First, for reliable 'source' reading of the .env file, enclose all environmental variable values in "double quotes".
Secondly, if you are developing under Microsoft Windows (even if using a cygwin or equivalent bash shell), whenever you change the contents of your .env file, ensure that your .env file has 'unix' style \n end-of-line characters (i.e. no Windoze \r carriage returns!) by running a nix command line tool like 'dos2unix' to force all end-of-line indications to be _nix_ compatible.
Run the following script to start up the server from the command line terminal (under a Unix-type operating system):
./main.sh
Or build an image and run it. From the root directory, type:
docker build --tag mmcq-test .
docker run --name mmcq -p 8080:8080 mmcq-test
View logs using:
docker logs -f mmcq
A quicker way to deployment is to install Docker Compose then use the provided docker-compose.yaml file:
docker-compose build
# -d runs the container in the background
docker-compose up -d
docker-compose logs -f
# shut the server down when finished...
docker-compose down
Note that use of Docker Compose allows local Docker container execution of the SemSimian Server image as the 'semsim' service. In such a case, the SEMSIMIAN_MODE environment variable (i.e. in ..env
) should be set to value 'server'.
Note that the SemSimian server may be run by Compose, then accessed either by an independently running MMCQ application or the MMCQ can itself be run as a Compose service. However, the .env
environment variable file should have the correct SEMSIMIAN parameters set for this (the .env_template
file documents these various optional sets of parameters). The key difference is that an external MMCQ application sees the SemSimian Server running on localhost, but the the Compose managed MMCQ expects to see the SemSimian Server service on host 'semsim'. This is reflected in the environment variables.
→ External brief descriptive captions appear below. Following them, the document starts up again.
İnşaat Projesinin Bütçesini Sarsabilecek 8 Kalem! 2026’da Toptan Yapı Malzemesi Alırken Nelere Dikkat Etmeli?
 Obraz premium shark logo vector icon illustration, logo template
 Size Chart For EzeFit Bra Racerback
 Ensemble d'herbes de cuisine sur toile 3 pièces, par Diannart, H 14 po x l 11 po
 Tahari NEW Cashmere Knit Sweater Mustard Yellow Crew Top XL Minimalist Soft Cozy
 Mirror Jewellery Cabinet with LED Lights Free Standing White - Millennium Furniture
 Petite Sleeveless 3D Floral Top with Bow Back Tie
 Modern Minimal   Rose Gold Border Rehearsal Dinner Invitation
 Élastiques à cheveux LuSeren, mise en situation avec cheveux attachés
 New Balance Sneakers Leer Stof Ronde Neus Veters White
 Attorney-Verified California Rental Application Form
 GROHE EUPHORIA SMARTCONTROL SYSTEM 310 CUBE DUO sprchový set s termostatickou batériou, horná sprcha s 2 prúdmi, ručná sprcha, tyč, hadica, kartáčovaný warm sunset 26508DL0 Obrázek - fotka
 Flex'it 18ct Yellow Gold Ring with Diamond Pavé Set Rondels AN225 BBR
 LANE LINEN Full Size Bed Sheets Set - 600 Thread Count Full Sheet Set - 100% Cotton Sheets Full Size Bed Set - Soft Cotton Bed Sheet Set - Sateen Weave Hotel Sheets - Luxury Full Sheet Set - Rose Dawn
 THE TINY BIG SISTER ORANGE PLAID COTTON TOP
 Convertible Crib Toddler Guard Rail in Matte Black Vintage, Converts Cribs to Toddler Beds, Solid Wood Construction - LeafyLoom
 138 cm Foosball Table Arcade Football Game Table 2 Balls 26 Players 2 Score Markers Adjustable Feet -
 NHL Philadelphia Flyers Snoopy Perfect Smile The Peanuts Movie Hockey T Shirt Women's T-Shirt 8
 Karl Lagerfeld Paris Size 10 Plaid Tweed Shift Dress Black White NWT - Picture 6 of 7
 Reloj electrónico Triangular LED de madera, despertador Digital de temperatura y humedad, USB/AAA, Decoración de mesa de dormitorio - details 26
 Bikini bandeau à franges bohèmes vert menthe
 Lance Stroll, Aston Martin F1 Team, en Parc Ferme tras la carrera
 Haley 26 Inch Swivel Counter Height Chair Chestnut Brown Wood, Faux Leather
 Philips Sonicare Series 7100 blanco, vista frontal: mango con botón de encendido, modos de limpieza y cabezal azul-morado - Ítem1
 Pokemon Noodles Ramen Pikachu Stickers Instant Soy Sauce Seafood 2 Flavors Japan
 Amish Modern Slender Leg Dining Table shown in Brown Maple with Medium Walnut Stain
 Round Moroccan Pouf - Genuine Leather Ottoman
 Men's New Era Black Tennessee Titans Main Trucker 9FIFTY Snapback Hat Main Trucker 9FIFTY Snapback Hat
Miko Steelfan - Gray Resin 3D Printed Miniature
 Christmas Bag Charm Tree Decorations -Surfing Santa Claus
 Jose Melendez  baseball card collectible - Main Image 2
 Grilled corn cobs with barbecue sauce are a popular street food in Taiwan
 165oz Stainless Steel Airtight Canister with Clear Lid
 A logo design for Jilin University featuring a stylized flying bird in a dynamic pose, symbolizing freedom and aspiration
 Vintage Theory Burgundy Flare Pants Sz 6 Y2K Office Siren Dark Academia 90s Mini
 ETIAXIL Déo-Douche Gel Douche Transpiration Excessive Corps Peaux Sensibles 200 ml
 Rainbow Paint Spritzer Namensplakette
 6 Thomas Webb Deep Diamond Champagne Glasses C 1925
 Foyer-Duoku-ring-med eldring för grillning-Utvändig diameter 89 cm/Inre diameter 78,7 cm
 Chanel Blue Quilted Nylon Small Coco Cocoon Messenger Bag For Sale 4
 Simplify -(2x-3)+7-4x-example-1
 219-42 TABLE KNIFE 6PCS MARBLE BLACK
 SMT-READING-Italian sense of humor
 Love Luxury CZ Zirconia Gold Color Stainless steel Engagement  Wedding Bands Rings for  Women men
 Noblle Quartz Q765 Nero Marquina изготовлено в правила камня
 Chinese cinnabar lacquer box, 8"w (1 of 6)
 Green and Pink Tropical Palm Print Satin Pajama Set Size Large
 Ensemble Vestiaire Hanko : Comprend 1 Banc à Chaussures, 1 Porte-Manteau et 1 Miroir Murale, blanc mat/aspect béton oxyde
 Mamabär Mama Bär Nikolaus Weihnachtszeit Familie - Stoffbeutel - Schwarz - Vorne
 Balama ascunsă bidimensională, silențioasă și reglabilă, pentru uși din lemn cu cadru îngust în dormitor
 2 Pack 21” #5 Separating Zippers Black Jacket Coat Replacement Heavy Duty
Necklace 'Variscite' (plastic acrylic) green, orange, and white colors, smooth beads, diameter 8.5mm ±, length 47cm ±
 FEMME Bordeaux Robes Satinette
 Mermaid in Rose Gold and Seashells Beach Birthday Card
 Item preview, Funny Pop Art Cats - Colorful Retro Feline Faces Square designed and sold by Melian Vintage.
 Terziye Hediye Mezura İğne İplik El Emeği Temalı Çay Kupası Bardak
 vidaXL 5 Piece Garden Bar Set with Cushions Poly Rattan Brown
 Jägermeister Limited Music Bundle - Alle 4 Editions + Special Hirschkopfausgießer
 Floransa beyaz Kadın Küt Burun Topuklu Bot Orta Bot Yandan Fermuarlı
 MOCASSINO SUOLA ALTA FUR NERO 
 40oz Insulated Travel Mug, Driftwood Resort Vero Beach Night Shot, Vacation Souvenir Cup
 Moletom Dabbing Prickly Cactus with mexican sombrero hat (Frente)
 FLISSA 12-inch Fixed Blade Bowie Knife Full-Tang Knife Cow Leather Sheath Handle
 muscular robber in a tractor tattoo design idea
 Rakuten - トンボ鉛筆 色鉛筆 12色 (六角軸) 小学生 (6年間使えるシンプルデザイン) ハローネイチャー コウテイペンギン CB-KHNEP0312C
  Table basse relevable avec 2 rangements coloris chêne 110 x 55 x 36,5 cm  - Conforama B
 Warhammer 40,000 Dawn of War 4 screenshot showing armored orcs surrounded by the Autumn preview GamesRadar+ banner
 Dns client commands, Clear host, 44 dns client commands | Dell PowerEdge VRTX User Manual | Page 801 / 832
When run the system locally from the CLI or using Docker (but not within any named host), an OpenAPI web form exposing the TRAPI API is available at http://localhost:8080/1.5/docs. The web form has a sample JSON query input that should work (the source file for this is here).
All of the standard TRAPI 1.5 endpoints directly accessible, as expected. These mainly consist of the /meta_knowledge_graph returning the Biolink Model compliant dictionary of edge templates and the /query endpoint for posting queries to the system.
Note that for the /query endpoint, the TRAPI query graph body can have the (optional) extra non-TRAPI standard JSON object key limit which instructs the system about the maximum number of results should be returned (Default: return the top 5 results). The current maximum allowable SemSimian value for this value appears to be 50. Higher values will trigger a 422 HTTP return code error.
An additional set of endpoints - so-called 'COMMON' API endpoints - is available at http://localhost:8080/common/docs. Aside from accessing available release metadata about the system (via the /common/metadata path), this set of endpoints also provides a few non-TRAPI general purpose endpoints to retrieve specific data results more conveniently than TRAPI, such as retrieving a node record by CURIE.
Only the /metadata endpoint is implemented at this moment.